デンマークの世界企業を支える人材
その教育改革の効果は絶大で、デンマークの1人あたりGDPは、1990年の約2万7000ドルから、2020年には6万ドルを超えましたから、優に2倍以上になっています。日本は、1990年段階はデンマークと肩を並べていましたが、今はやっと4万ドルで、大きく水をあけられています。
それから、デンマークのノーベル賞受賞者は13人で、少ないように思われるかもしれませんが、総人口600万人の国ですから、日本の人口に直したら260人です(日本人受賞者はアメリカ国籍も含めて28人/2021年時点)。
さらに、ユニコーン企業(株式評価額が10億ドル以上と評価される未上場のベンチャー企業)は、いま8社あります。すでに上場したスタートアップ企業も多く、たとえばユニティ・テクノロジーズ。同社は、アイスランド出身の創業者によってコペンハーゲンで設立され、ゲーム制作や自動運転に欠かせないミドルウェアを提供しています。

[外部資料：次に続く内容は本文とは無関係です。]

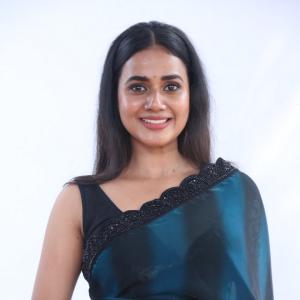 Shreya Rukmini Radiates Grace in Deep Teal Saree: Latest Photoshoot Look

また、ゼンデスク(Zendesk)という会社があります。これはクラウド型カスタマーサービスのプラットフォーム企業です。同社のプラットフォームは、世界140か国、4万社、3億人以上が利用しています。いずれもデンマークで生まれて、資本市場が乏しいのでシリコンバレーに引っ越して、上場したのはナスダックです。
主なグローバル企業としては、海運コンテナ世界一のマースクライン(A.P.モラーマースク)、風力発電機世界一のヴェスタス、ビールのカールスバーグもよく知られています。
それから玩具大手のレゴです。レゴというのはブロックが有名ですが、子供にブロックで遊ばせますと、何をつくるかを頭の中で思い描いて、それを組み立てていきます。それこそ、「0から1を生む」構想力を育む一番いい教育道具はレゴブロックだということで注目されています。この世界トップの玩具メーカーもデンマーク企業です。
こうした世界的な企業を支える人材が、北欧型教育を通して育成・輩出されているのです。